Awareness is an important component of selling your product or service, but it will only get you so far. People are making decisions about you and your product/service well before they want to hear from you directly. They are going to do their research first. Before they hear from you, they need to hear from someone else that you are legitimate.
In other words, what you say doesn’t matter nearly as much as what others say about you. But that doesn’t mean that you can’t have influence over it. Let’s talk about developing your brand as a way to help others say the right things about you.
The Three Pillars of Online Branding
Your foundation is your Web presence. It has to be simple, instructive, and professional. Consider this table stakes. If you don’t have a Web presence, it’s a liability. So get these three things in order:
On the front page: A clear statement of purpose, and a way to get in touch. If you’re just starting, this can be a one-page site. You want to have your own domain as a destination. A lot of businesses rely on Facebook as a home page, and a way to connect with customers. This is useful, but what happens when Facebook changes its terms of service or its algorithms? Own your own site. No exceptions. Maintaining control of your brand means being in full control of your content.
This is the core of your content strategy. You have to have a voice. Don’t tell me that you can’t blog. If you are passionate enough to start your own business, then you are passionate enough to write about it. People want to hear interesting stories about interesting people. Your business is interesting, right? Your customers, too? Remember, they are the hero of the story (not you). If you don’t have anything else to write about, then make it about them.
Also, don’t think of your blog as an ephemeral stream. A blog is a terrible publishing platform in a lot of ways. It can feel like when you produce something, it just disappears into the ether. If you are building your content strategy properly, think of your blog as permanent statements that you can refer to over and over again. Don’t have anything to write about? Start with common customer questions—the things that you find you have to answer multiple times. Write an article about it instead, and now you have a permanent point of reference. It is not only the best, clearest statement of the answer to this common question, but it also makes you much more efficient. You don’t have to take the time to answer the same question repeatedly.
Yes, you could put this on your Website. But the reason that blogs are better is that they are more sharable. If they are written “correctly,” they stick to a single topic, so that it’s highly relevant to the issue or question. And they can travel better. Each piece has its own link, meaning that when someone shares it, the reader goes directly to the article, not to your site in general, or worse, your blog in general. No one wants to wade through tons of information to find something. Give it to me right now, or I’m gone.
3. Social media
If you are still griping about social channels, or deriding them as time-wasters, then it’s time to get with it. If you are not having success with social media in your business, then there are only a few reasons:
- You are using the wrong channels. Just because “everyone” uses Facebook doesn’t mean that it’s right for you and your business. There are a ton of social channels—you have to find the one that’s right for your particular audience.

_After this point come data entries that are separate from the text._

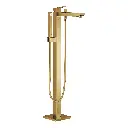 Grohe 23672GN1 Eurocube Single Handle Freestanding Tub Faucet Brushed Cool Sunrise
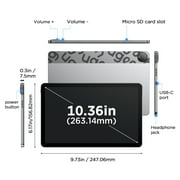 UGEE UT2 Fun Drawing Pad, 10.36 inch Drawing Area with 2K Display, 6GB + 128GB,Standalone Graphics Tablet No Computer Needed.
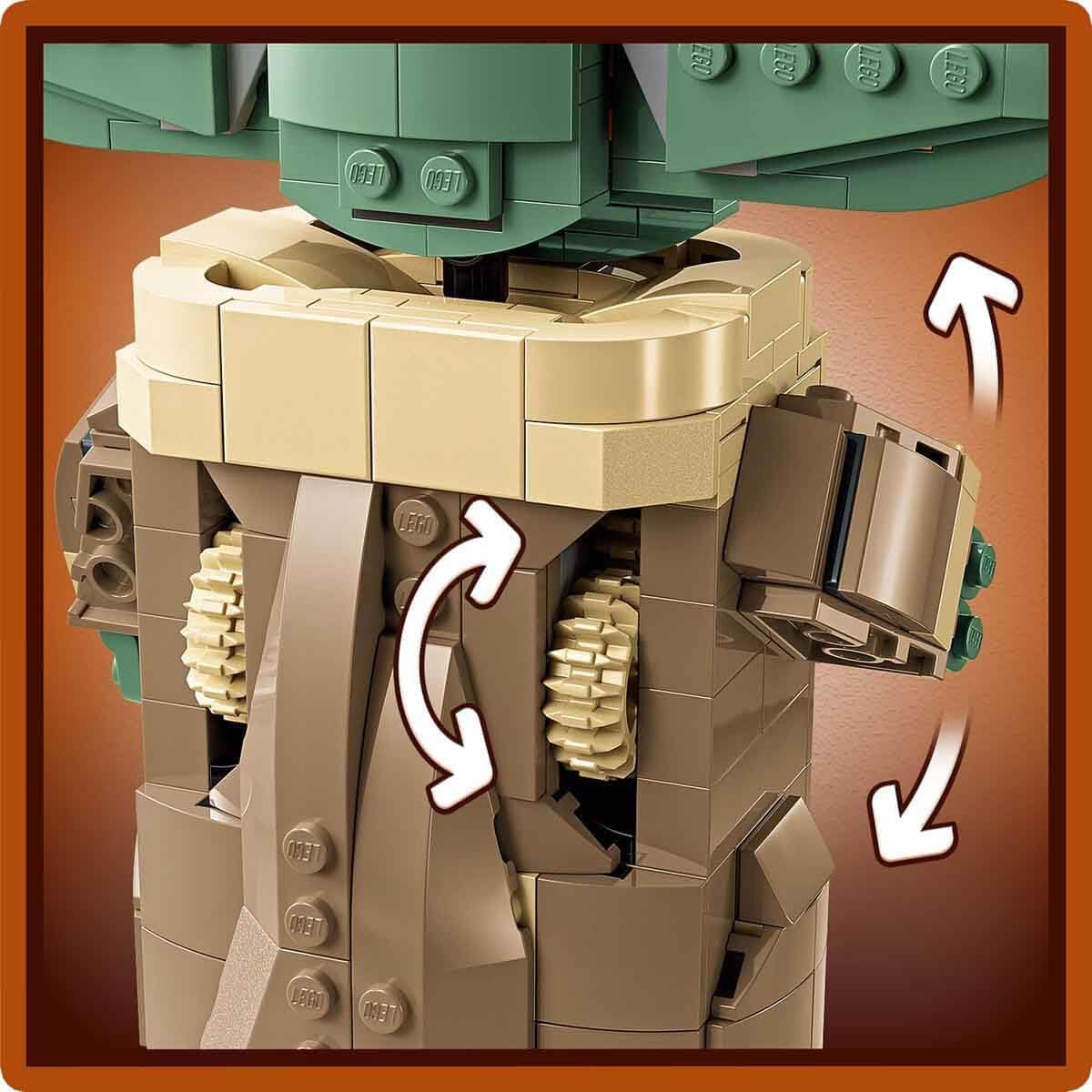Grogu et son landau LEGO Star Wars : The Mandalorian 75403 – Image 8
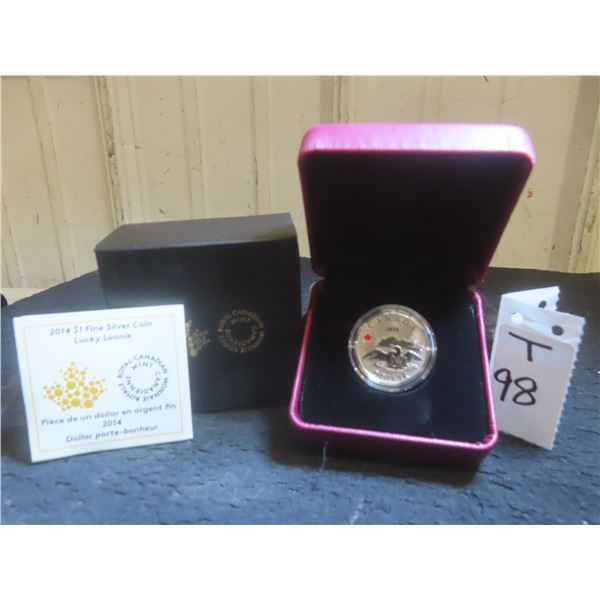 2014 Fine Silver Canadian Dollar 'Lucky Loonie'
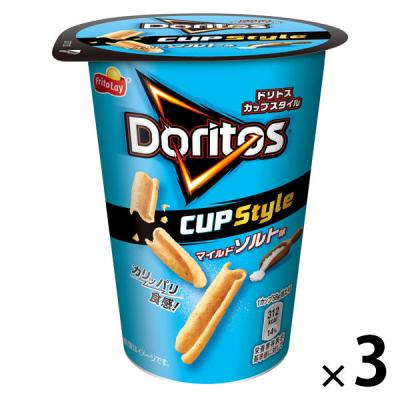 ドリトス CUP Style　マイルドソルト味 1セット（1個×3） おつまみ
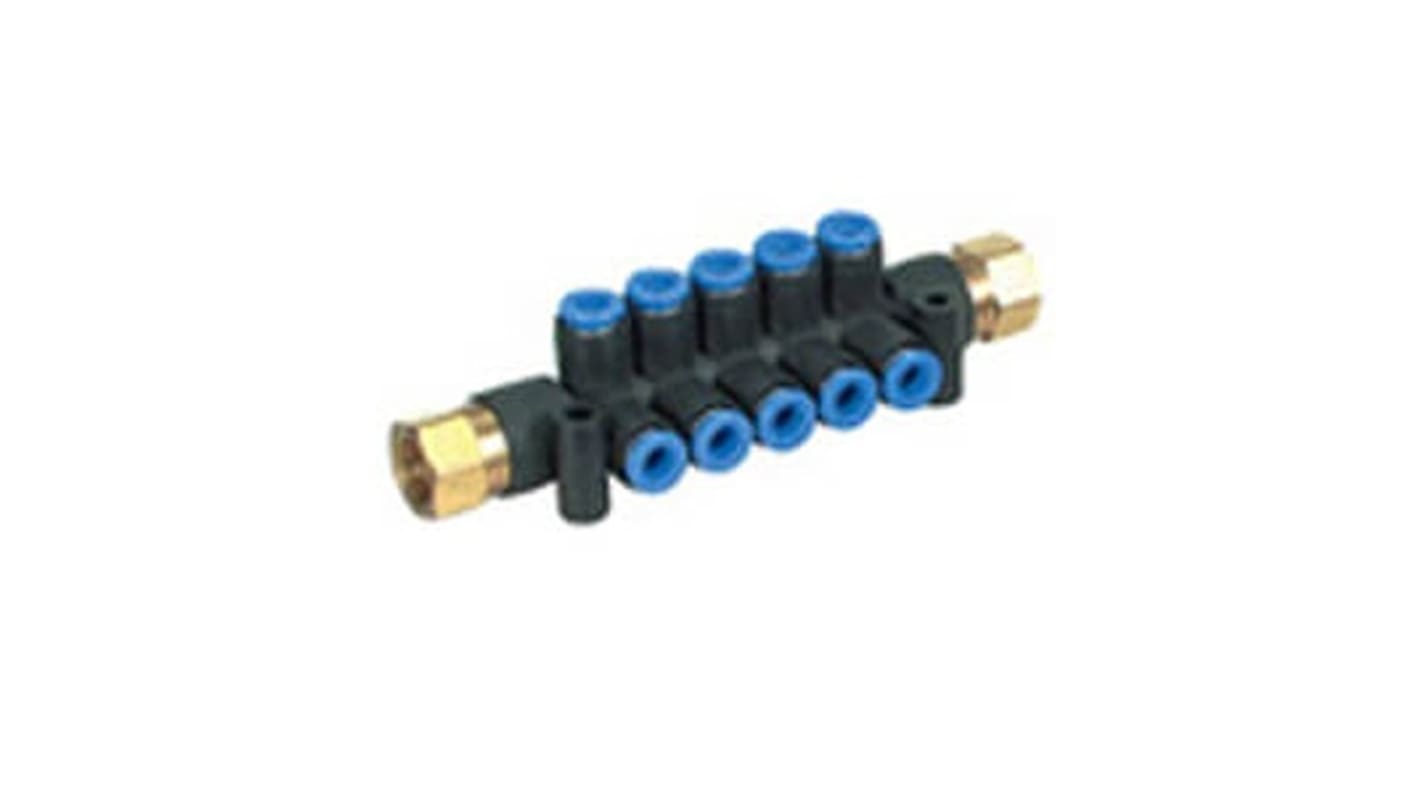 SMC KM Series One-touch Fitting, Push In 8 mm to Rc 3/8, Threaded-to-Tube Connection Style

- You are doing it wrong. The biggest mistake that people make on social channels is that they treat it as a 20th century broadcast medium, churning out “look at me” awareness chum. You’re not fishing, you’re connecting. Get bi-directional and stop advertising. Social doesn’t work that way.
- You haven’t really given it a chance. This stuff takes time. Building a community does not happen overnight. Social media just makes those connections more available to you—but you have to do the work. Find common interests. Participate. Offer real value. Just like you would in person.
Guess what? These are not the fault of the medium, the audience, or social media in general. It’s up to you to make it work.
There are tons of folks who have found their audience and built a community online via social channels. This stuff works, if you do it right. But you can’t go into it thinking that you are just there to yell about your product and hope that people will care. The rules are different now. You have to approach this by making the first move—and being generous about it. You have to take a risk and provide real value to real people, without expecting anything in return.
I can’t think of a single business that doesn’t benefit from real connections with real customers. Business is all about relationships. Think of each of these tools—your Website, your blog, and social media—as a way to build these important relationships.